- Theatrical release poster
- Directed by: Brek Taylor; Elizabeth Mitchell;
- Screenplay by: Elizabeth Mitchell
- Story by: Jane Rogers
- Based on: Island by Jane Rogers
- Produced by: Amy Gardner; Clare Tinsley; Charlotte Wontner;
- Starring: Natalie Press; Colin Morgan; Janet McTeer;
- Cinematography: Rain (Kathy) Li
- Edited by: Sam Sneade
- Music by: Michael Price
- Production company: FilmRise
- Distributed by: Soda Pictures
- Release date: 22 April 2011;
- Running time: 102 minutes
- Country: United Kingdom
- Language: English

= Island (2011 film) =

2011 British film

Island is a 2011 British film and an independent adaptation of the 1999 novel Island by Jane Rogers. The film was directed by Brek Taylor and Elizabeth Mitchell who also wrote the screenplay. It stars Natalie Press, Colin Morgan, and Janet McTeer. It features original music from Michael Price, and cinematography from Rain (Kathy) Li.

== Plot ==
Nikki Black, abandoned at birth, is an unhinged twenty-nine-year-old woman on a vengeful quest to find and kill her birth mother. Shortly after arriving on the remote island of Tigh Na Benne, she discovers a room for rent ad from a Phyllis Lovage, her mother. Once there to rent the room, she quickly learns that she has a brother, Calum MacLeod, a loner, awkward and violent.

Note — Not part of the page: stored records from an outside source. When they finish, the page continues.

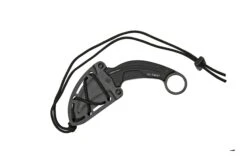 Extrema Ratio K-Talon, Dark Stonewashed 04.1000.0224/DKS Cuchillo Karambit 14 Extrema Ratio K-Talon, Dark Stonewashed 04.1000.0224/DKS Cuchillo Karambit -Tienda De Cuchillos ER0410000224DKS 07 extremaratio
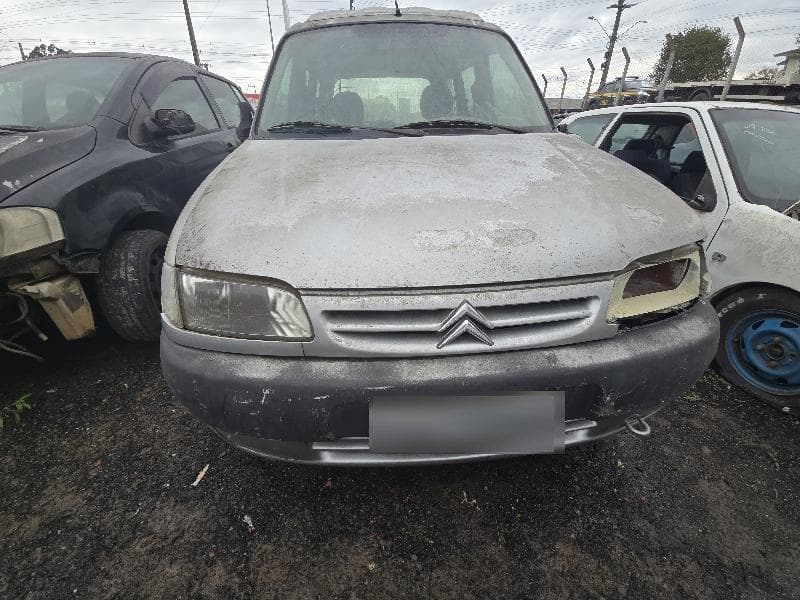I Citroen Berlingo Mp18i 2001 — foto 6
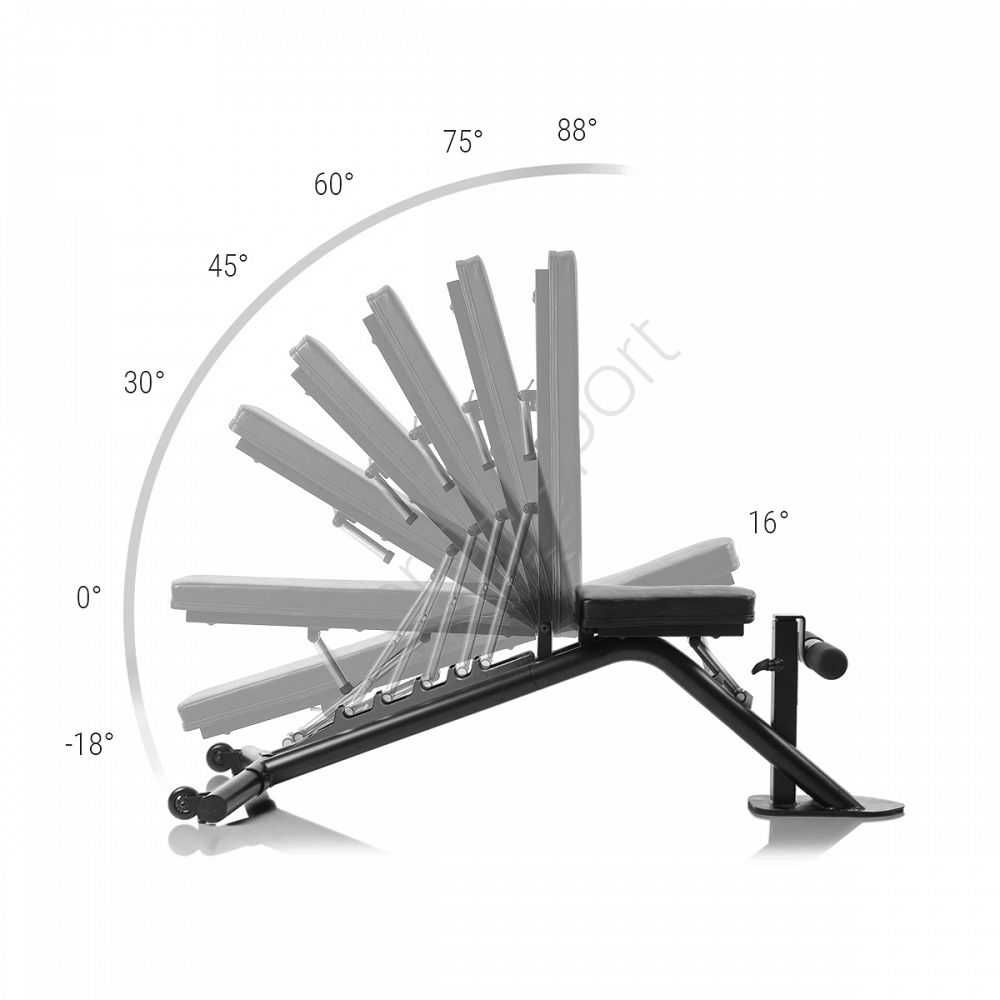 Ławka treningowa HAMMER AUTARK FT3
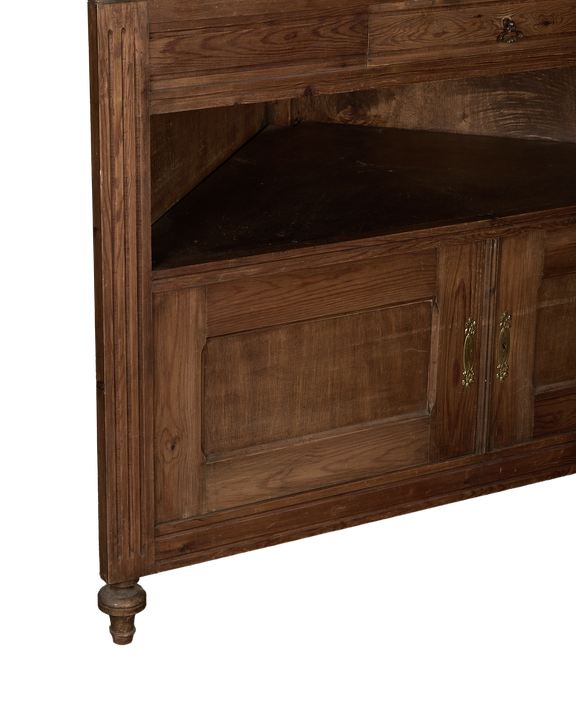 Corner Cabinet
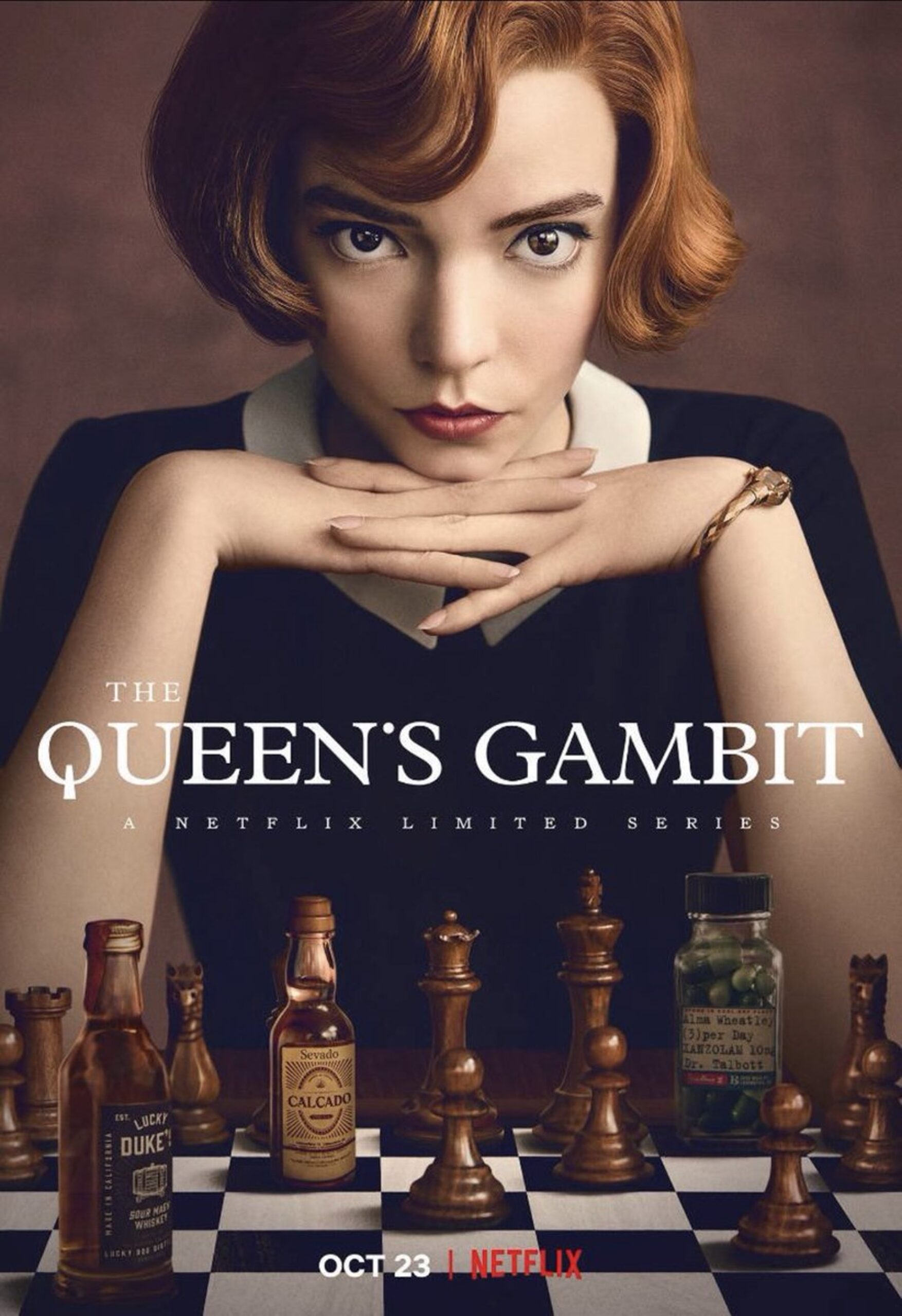 The Queen's Gambit 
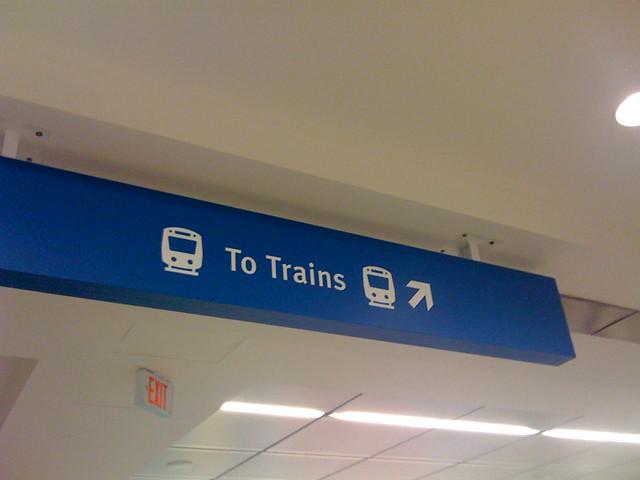 To Trains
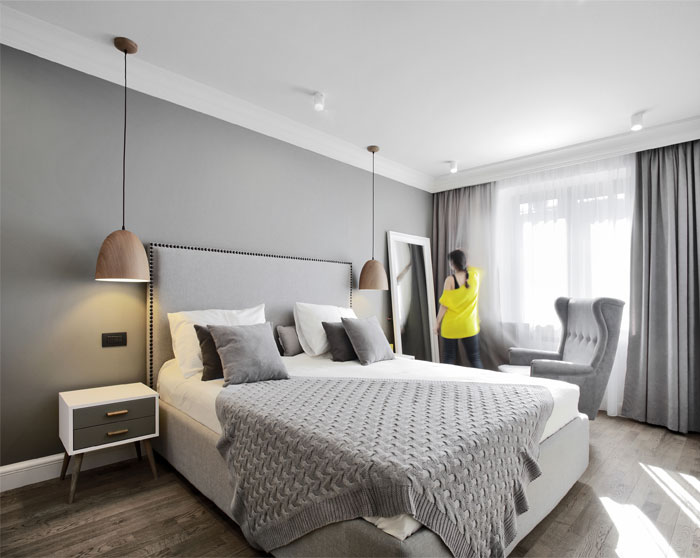 廣州裝修公司簡歐風(fēng)格室內(nèi)裝修效果圖-臥室 廣州裝修公司簡歐風(fēng)格室內(nèi)裝修效果圖-臥室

Her mother, sick with cancer and protective of her son, keeps him on a tight leash and, in short order, attempts to keep the two apart. Nikki and Calum soon develop an unhealthy relationship that ends in tragedy.

== Cast ==
- Natalie Press as Nikki Black
- Colin Morgan as Calum MacLeod
- Janet McTeer as Phyllis Lovage
- Tanya Franks as Ruby
- Kate Stevens as Emma Lacey
- Denise Oritta as Sally
- Alex Donald as Gerry the Barman

== Reception ==
Island received mixed reviews. . Their top rated critic for the film, Peter Bradshaw of the daily The Guardian called it a "flimsy film", while Derek Malcolm of the tabloid London Evening Standard was critical of directors Brek Taylor and Elizabeth Mitchell. Critic Andrew Lowry of the magazine Total Film, said that Rain (Kathy) Li's cinematography "imbues proceedings with a chilly beauty". The site Best for Film critically reviewed the film as "effortlessly and satisfyingly ambiguous". Unsung Films reviewed the film as "different and unusual", "not keeping entirely faithful to the book", and "unique". The UK independent film review magazine Dog and Wolf gave the film 3 out of 5 stars.

== Production ==
Island was filmed on the Isle of Mull, Argyll, and the Isle of Bute, in Scotland, United Kingdom.

== Release ==
Island had its theatrical debut on 22 April 2011 in the UK and was later made available for viewing on DVD and the video streaming service Amazon Prime.